The time card calculator totals a week of clock-in, clock-out, and unpaid-break entries. The workday earnings calculator focuses on one active shift. The hourly-to-salary calculator compares pay periods using your schedule. The overtime calculator separates regular and premium hours. The pay raise calculator turns a percentage into a new gross amount.
| Your question | Use this calculator | Main output |
|---|---|---|
| How many hours did I work this week? | Time Card & Work Hours | Daily, weekly, overtime, and gross totals |
| How much have I earned during today's shift? | Workday Earnings | Live gross estimate and paid time |
| What is this hourly rate as a salary? | Hourly to Salary | Hourly through annual equivalents |
| What is my overtime worth? | Overtime Pay | Regular pay, overtime pay, and total gross |
| How much money does a raise add? | Pay Raise | New pay and annual increase |
Keep gross pay, hours, and take-home pay separate.
Gross pay is compensation before payroll deductions. Take-home pay is what remains after taxes, benefits, retirement contributions, garnishments, and other deductions. Siftlet's work calculators estimate gross amounts because a reliable take-home calculation needs location, filing status, current tax rules, and employer-specific deductions.
Hours can also mean different things. Elapsed shift time includes every minute between start and end. Paid time removes unpaid breaks. Overtime hours depend on the rule that applies to the worker and workweek. Each calculator labels the assumption it uses so a result can be checked instead of treated as a payroll record.
Why the calculators stay local.
Pay rates and work schedules are personal. These tools calculate in the active browser tab and do not create an account, upload the entries, or save a time sheet on a Siftlet server.

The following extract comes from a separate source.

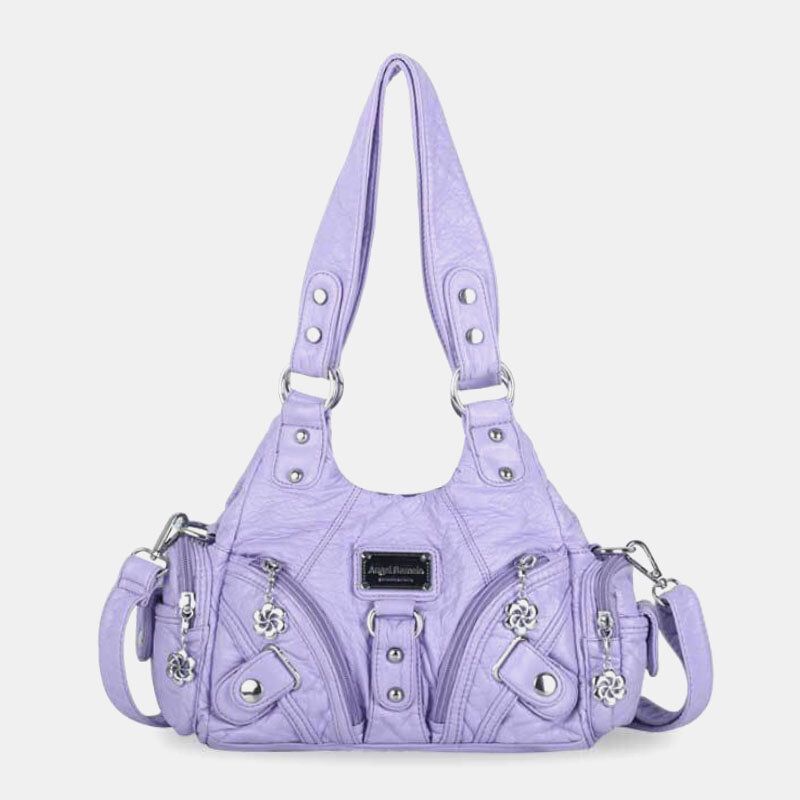 Angel Kiss Damen Pu-leder Vintage Multi-pocket Convertible Anti-diebstahl Umhängetasche Umhängetasche Handtasche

That local design also makes the result immediate. Closing or refreshing the page clears the entries unless the browser itself restores form values.
What to verify before using an estimate.
Check the pay period, paid hours, unpaid breaks, overtime threshold, multiplier, and whether bonuses or differentials belong in the regular rate. Employer rounding and state rules can change a payroll result. For U.S. overtime eligibility, use the official U.S. government overview and your employer's written policy.
These calculators are planning tools. They do not replace a pay statement, employment agreement, tax calculation, or legal advice.